Search papers, labs, and topics across Lattice.
This paper analyzes federated learning with delayed stochastic gradients, demonstrating that a pre-chosen diminishing step size achieves optimal SGD convergence rates for both nonconvex and strongly convex objectives, matching the performance of delay-adaptive step size methods. The analysis considers potentially biased and delayed stochastic gradient estimates transmitted from local agents to a central server. The key result is a theoretical proof that diminishing step sizes are sufficient to recover optimal SGD rates, simplifying implementation compared to adaptive schemes.
Forget fancy adaptive schemes: simple diminishing step sizes are provably sufficient for optimal performance in federated learning with delayed gradients.

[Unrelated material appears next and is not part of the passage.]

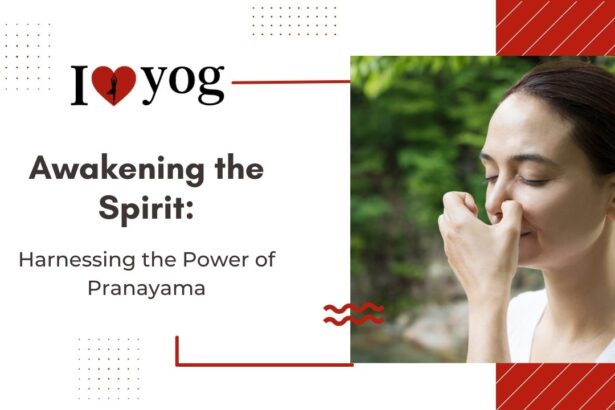 Awakening the Spirit: Harnessing the Power of Pranayama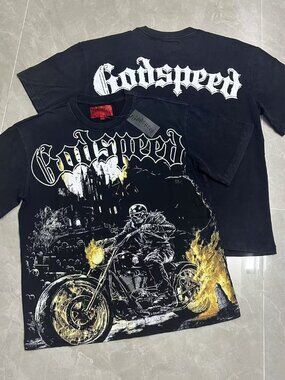 Men's Godspeed Graphic Tee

We propose a general framework for distributed stochastic optimization under delayed gradient models. In this setting, $n$ local agents leverage their own data and computation to assist a central server in minimizing a global objective composed of agents' local cost functions. Each agent is allowed to transmit stochastic-potentially biased and delayed-estimates of its local gradient. While a prior work has advocated delay-adaptive step sizes for stochastic gradient descent (SGD) in the presence of delays, we demonstrate that a pre-chosen diminishing step size is sufficient and matches the performance of the adaptive scheme. Moreover, our analysis establishes that diminishing step sizes recover the optimal SGD rates for nonconvex and strongly convex objectives.